Community, discourse, and digital space

This past week has seen an absolutely fascinating dust-up over at one of my favorite blogs. I’ve been reading Slacktivist, authored by journalist and liberal evangelical Fred Clark, off and on for seven or eight years now. Fred writes about religion, politics, and contemporary public discourse with considerable insight, but more importantly, with a degree of charity and graciousness that sometimes borders on mind-boggling. He also writes an immensely satisfying regular series of posts eviscerating Tim LeHaye’s and Jerry Jenkins Left Behind books chapter by chapter. Like many of his readers, I came for the Left Behind posts and stayed for the rest of the commentary. Many of those readers are also active participants in the comments section, which usually takes Fred’s posts as a springboard for a wide-ranging discussion among a number of thoughtful, well-read (and often highly educated) people of a number of religious and political stripes.

Last week, Fred announced that the blog would be moving from Typepad, a general blogging platform, to the website Patheos, a community of blogs and resources devoted to religious discussion. Fred described Patheos as a genuine, if imperfect attempt at pluralism, and explained that having his blog hosted through Patheos would give him both visibility and credibility (he would no longer be just some guy with a Typepad blog), while also allowing him to engage more directly with people with a wide variety of perspectives. He also explained in a later post that there were financial considerations—moving to Patheos would provide him with some income from his blogging (it’s hard to fault him for that one—every newspaper journalist in the country is probably looking for secondary sources of income right now). He promised that the content of the blog would remain unchanged, as would the community of commenters.

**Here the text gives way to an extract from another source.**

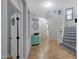 Welcoming foyer with tile floors, staircase with decorative risers, and bright, neutral walls at 3553 N 292Nd Dr, Buckeye, AZ 85396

The commenters, though, were not so easily swayed. Many of them started looking around Patheos and found that, though the site purports to be widely inclusive, the portals devoted to Christianity seemed to be more recently updated than those devoted to Islam, Judaism, Buddhism, etc. The library contained inaccurate or outdated information. The most prominent bloggers appeared to espouse many of the fundamentalist positions that Fred works to refute. They were concerned that their comments, pageviews, and clicks might support a community whose values they found problematic. They also worried that the Patheos community would be hostile towards the newly-arrived atheist and agnostic readers (Patheos’s atheist/humanist section appeared to be abandoned). Many commenters were also concerned that the discussion in the comments section would become more inflammatory as commenters found their way to Slacktivist from other Patheos sites. The Typepad comments community had been largely self-policing, and the commenters were concerned with their ability to continue to maintain a similar environment with the new larger and potentially less-invested audience. Many of the commenters expressed sadness at seeing the disappearance of a community they had considered a safe space. And finally, they were unhappy with the technical changes made to the site and the comments in general, particularly the introduction of threaded comments and the repositioning of the comments box from the space below the already-posted comments to the space above it.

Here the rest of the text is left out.